*What is being asked:* Below are entries. Copy exactly the lines running from the line that holds "Minorul arestat după" to the line that holds "Apartment Beautiful Bright", with both ends included.

Source information START

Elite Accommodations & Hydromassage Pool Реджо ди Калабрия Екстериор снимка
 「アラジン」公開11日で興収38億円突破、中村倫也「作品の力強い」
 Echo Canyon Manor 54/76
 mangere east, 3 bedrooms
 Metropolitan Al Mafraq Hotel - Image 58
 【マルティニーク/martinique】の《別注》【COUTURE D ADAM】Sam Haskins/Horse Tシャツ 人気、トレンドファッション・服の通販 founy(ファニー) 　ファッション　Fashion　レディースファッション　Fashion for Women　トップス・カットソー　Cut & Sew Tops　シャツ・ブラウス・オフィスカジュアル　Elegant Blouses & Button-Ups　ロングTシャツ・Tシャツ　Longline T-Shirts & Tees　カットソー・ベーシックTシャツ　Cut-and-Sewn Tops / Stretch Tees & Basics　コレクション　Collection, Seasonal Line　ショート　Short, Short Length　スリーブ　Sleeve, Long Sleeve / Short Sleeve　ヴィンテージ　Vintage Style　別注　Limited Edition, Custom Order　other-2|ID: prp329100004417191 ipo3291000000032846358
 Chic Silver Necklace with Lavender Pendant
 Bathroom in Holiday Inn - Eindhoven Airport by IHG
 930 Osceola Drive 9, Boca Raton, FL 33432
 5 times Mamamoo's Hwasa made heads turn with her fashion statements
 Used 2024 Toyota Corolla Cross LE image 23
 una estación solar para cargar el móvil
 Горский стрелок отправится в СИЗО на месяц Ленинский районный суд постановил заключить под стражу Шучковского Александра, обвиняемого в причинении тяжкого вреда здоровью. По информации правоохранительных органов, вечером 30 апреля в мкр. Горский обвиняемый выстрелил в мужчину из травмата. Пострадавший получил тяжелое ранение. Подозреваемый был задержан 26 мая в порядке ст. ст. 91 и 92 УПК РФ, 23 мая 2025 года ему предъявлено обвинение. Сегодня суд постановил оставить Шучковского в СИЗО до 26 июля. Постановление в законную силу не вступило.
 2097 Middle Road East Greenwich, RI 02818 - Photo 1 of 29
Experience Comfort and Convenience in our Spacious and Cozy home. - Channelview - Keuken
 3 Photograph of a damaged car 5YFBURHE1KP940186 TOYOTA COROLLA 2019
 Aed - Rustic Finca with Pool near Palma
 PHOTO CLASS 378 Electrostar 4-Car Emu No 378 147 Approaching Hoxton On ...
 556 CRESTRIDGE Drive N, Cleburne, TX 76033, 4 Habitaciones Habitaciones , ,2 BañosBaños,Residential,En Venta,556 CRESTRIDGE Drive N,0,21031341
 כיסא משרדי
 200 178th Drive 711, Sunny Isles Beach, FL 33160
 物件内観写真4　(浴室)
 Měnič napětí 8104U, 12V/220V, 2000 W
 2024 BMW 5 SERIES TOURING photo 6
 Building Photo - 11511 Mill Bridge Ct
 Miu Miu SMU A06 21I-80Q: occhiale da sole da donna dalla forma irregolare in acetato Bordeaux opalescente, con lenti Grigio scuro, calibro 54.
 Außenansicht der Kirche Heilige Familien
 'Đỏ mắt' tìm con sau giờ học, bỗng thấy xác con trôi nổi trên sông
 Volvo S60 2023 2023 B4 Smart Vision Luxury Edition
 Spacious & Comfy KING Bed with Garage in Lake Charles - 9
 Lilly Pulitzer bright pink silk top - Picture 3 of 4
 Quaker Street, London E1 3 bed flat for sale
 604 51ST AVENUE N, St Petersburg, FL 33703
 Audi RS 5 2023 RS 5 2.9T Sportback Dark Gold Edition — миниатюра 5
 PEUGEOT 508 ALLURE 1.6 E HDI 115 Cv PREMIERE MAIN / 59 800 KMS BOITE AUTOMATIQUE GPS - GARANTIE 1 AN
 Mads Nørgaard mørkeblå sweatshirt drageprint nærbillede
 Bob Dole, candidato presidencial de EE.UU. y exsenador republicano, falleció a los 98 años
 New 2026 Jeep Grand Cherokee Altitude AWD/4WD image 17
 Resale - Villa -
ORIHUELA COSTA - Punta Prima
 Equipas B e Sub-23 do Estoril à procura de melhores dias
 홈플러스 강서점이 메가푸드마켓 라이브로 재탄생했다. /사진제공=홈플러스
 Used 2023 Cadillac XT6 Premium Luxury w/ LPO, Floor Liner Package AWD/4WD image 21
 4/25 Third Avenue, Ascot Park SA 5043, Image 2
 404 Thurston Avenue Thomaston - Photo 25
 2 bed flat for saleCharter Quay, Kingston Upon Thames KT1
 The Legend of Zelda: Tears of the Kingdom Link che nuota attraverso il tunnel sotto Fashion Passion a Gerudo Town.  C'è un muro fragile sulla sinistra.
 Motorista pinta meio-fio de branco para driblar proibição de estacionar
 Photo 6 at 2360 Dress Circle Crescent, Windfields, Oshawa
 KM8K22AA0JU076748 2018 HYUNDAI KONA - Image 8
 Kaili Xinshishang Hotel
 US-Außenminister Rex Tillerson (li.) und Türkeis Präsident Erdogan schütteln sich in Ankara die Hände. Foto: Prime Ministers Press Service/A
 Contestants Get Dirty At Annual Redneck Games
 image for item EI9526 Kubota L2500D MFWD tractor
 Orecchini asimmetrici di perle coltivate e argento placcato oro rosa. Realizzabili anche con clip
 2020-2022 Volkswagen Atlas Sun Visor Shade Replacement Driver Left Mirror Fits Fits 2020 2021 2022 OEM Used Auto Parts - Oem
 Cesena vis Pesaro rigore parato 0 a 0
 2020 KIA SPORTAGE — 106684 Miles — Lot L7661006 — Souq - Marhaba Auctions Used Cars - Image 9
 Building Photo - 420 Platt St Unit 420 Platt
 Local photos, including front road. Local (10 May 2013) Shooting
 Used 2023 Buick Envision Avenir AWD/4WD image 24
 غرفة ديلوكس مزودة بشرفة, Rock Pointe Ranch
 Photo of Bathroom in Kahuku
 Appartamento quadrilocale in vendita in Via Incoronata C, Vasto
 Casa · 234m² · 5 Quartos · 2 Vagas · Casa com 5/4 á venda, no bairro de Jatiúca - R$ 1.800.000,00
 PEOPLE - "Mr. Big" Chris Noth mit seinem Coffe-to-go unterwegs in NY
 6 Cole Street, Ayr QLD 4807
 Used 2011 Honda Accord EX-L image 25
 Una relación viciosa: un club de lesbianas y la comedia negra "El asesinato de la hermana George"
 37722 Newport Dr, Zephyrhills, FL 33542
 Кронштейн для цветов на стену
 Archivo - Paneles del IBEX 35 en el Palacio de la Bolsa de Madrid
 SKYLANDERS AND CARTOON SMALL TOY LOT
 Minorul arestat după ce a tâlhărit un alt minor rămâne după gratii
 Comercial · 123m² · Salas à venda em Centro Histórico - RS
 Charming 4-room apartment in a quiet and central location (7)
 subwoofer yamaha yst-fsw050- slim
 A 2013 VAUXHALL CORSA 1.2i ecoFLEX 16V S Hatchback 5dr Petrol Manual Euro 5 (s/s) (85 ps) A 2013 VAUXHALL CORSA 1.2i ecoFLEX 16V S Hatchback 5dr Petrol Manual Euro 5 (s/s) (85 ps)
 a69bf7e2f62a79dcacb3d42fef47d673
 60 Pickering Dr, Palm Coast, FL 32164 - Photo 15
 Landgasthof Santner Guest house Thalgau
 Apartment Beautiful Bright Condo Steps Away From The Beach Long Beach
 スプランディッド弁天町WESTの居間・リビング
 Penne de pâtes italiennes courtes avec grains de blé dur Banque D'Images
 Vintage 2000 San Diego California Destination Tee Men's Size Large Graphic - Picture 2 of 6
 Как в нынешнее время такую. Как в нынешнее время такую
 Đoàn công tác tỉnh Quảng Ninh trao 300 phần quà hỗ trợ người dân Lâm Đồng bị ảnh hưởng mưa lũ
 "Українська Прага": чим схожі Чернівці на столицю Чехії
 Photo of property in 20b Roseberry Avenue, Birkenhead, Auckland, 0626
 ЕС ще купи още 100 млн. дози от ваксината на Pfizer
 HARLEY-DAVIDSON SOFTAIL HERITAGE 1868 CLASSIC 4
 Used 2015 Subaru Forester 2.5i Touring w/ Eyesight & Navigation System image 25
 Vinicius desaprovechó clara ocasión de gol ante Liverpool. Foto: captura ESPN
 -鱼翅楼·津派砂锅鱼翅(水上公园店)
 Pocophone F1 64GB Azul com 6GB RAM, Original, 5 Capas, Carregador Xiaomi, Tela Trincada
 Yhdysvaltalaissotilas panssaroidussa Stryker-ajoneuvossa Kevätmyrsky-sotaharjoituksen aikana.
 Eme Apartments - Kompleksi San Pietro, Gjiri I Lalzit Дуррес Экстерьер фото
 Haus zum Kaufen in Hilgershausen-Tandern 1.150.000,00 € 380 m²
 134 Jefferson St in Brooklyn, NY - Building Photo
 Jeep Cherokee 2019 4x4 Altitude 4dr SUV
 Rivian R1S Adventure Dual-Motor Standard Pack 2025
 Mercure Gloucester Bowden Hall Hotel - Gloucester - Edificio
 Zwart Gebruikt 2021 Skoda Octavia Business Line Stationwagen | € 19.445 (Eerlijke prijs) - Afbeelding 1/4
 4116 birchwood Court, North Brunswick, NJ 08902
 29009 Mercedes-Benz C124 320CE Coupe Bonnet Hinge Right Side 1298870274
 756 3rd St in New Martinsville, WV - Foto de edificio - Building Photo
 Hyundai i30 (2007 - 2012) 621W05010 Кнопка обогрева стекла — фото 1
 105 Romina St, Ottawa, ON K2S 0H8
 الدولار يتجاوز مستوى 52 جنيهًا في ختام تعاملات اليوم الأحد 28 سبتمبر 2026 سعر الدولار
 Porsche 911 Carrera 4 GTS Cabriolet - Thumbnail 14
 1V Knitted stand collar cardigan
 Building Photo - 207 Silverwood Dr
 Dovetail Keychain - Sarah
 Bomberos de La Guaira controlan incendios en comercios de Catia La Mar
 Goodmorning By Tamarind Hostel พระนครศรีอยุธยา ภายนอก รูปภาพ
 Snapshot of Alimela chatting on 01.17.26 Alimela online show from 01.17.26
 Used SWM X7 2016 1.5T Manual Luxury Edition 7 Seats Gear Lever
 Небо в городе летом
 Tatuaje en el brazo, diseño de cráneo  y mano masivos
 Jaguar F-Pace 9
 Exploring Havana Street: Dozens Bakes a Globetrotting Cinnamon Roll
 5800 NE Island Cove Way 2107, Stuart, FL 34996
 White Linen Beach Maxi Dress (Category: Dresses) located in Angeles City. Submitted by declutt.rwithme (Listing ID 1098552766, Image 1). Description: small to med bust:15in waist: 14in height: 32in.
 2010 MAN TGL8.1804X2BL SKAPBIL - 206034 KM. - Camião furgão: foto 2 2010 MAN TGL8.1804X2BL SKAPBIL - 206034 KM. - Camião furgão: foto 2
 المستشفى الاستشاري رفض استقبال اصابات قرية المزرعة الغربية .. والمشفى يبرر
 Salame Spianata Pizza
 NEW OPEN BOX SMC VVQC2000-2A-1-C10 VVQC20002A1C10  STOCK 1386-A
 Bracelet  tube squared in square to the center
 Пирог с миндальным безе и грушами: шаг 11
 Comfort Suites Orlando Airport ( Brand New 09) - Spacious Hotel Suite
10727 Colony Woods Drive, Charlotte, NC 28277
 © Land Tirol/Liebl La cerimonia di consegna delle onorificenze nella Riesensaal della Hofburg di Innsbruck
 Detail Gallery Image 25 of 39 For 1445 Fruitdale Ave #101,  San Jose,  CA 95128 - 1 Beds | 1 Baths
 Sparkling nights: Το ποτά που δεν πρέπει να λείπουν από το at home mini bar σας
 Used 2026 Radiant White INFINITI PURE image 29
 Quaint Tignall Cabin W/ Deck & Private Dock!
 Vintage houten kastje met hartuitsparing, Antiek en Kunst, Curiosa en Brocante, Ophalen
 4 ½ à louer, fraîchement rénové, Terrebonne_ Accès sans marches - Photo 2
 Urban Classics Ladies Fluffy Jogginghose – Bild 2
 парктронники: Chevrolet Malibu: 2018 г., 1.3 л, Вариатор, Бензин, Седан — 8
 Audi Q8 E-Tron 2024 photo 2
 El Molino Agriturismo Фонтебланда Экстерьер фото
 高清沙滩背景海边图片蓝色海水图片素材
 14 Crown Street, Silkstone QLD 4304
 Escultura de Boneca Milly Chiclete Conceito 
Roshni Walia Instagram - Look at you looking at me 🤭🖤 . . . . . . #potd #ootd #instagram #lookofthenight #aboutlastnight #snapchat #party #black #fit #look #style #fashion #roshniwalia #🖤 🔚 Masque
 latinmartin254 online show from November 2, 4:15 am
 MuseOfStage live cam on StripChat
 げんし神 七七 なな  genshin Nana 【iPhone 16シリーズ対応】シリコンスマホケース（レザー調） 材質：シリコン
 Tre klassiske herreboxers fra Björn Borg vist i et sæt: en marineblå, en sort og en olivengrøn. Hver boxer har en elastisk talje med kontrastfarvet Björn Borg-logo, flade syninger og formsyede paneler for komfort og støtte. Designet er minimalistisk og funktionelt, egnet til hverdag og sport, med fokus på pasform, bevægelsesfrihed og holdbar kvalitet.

Source information END

*Output:*
 Minorul arestat după ce a tâlhărit un alt minor rămâne după gratii
 Comercial · 123m² · Salas à venda em Centro Histórico - RS
 Charming 4-room apartment in a quiet and central location (7)
 subwoofer yamaha yst-fsw050- slim
 A 2013 VAUXHALL CORSA 1.2i ecoFLEX 16V S Hatchback 5dr Petrol Manual Euro 5 (s/s) (85 ps) A 2013 VAUXHALL CORSA 1.2i ecoFLEX 16V S Hatchback 5dr Petrol Manual Euro 5 (s/s) (85 ps)
 a69bf7e2f62a79dcacb3d42fef47d673
 60 Pickering Dr, Palm Coast, FL 32164 - Photo 15
 Landgasthof Santner Guest house Thalgau
 Apartment Beautiful Bright Condo Steps Away From The Beach Long Beach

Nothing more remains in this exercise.